Actuellement, la chronologie des médias s'appuie sur un mécanisme qui étend progressivement la disponibilité des films sur différents types de supports. Ainsi, les modes d'exploitation doivent respecter un certain délai après la sortie d'un long-métrage en salle. Cette période va de quatre mois (vidéo à la demande avec paiement à l'acte) à quatre ans (vidéo à la demande gratuite).

La dernière révision de la chronologie des médias remonte au 6 juillet 2009. Depuis, toutes les tentatives pour réaménager ce dispositif ont échoué. Or, les règles encadrant l'accès au film en fonction de la date de sortie au cinéma ne paraissent plus répondre aux pratiques des internautes français. Les plateformes professionnelles comme Dailymotion ou TF1 ne cachent d'ailleurs plus leur insatisfaction.

Preuve de l'inertie en la matière, même une modification superficielle ne parvient pas à aboutir. Le  Centre national du cinéma et de l'image animée (CNC) souhaitait autoriser la diffusion en vidéo à la demande par abonnement (SVOD) de films très peu projetés en salle 22 mois après leur exploitation, au lieu de 36. Un avenant avait été préparé. Mais celui-ci est resté lettre morte.

Les voix réclamant un assouplissement de la chronologie des médias se multiplient pourtant. Outre le CNC favorable à des délais resserrés entre chaque mode d'exploitation, la ministre de la culture Aurélie Filippetti souhaite également l'évolution du mécanisme, tout comme la SACD, qui la juge "anachronique et inadaptée", au point de retarder "exagérément la disponibilité des œuvres". Sans parler de Bruxelles.

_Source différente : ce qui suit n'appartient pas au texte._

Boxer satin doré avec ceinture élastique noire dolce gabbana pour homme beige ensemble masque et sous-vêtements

Dans son dernier numéro paru ce jour, Édition Multimédi@ signale qu'une énième réunion sur le sujet entre les professionnels n'a abouti à rien. Les expérimentations pourraient néanmoins donner l'occasion de tester une nouvelle chronologie et vérifier les effets sur les différents modes d'exploitation. Le CNC, qui encadrait cette réunion interprofessionnelle, s'en remet désormais à la Mission Lescure.

C'est en effet dans le cadre de la mission Acte 2 de l'exception culturelle, qui a multiplié les auditions sur les contenus culturels et les pratiques numériques, que les lignes pourraient bouger. D'ailleurs, n'avait-elle pas estimé qu'une "refonte radicale de la chronologie des médias constituerait peut-être la meilleure réponse aux attentes des internautes en matière de VOD", lors de la publication de son bilan d'étape ?

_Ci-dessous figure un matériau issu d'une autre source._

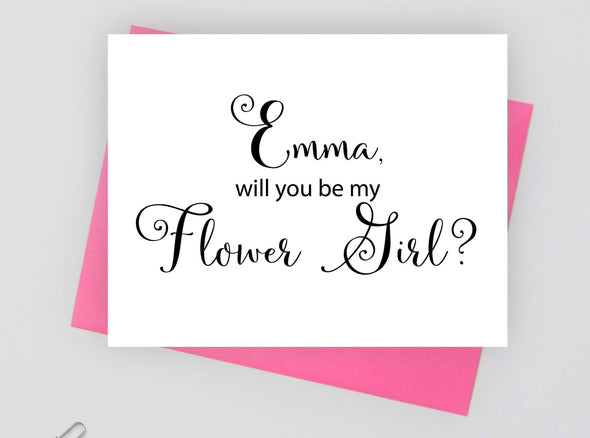 Personalized will you be my flower girl wedding card.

Il y a visiblement une ouverture. Reste à savoir ce que dira la mission Lescure, dont les conclusions sont attendues pour la fin mars. On se souvient que Pierre Lescure paraissait plaider pour une nouvelle forme de chronologie des médias, qui déterminerait le modèle économique applicable en fonction de l'âge des contenus, jusqu'à légaliser l'échange des films les plus anciens.

En réalité, les pistes avancées par la mission Lescure ne devraient pas être révolutionnaires. "Plutôt qu’une remise à plat qui fragiliserait le système de financement du cinéma, le réalisme commande d’envisager des assouplissements et des expérimentations de nature à enclencher une dynamique favorable au développement de l’offre légale", écrivait la mission.

Mais à défaut de mieux, ça sera déjà un premier pas.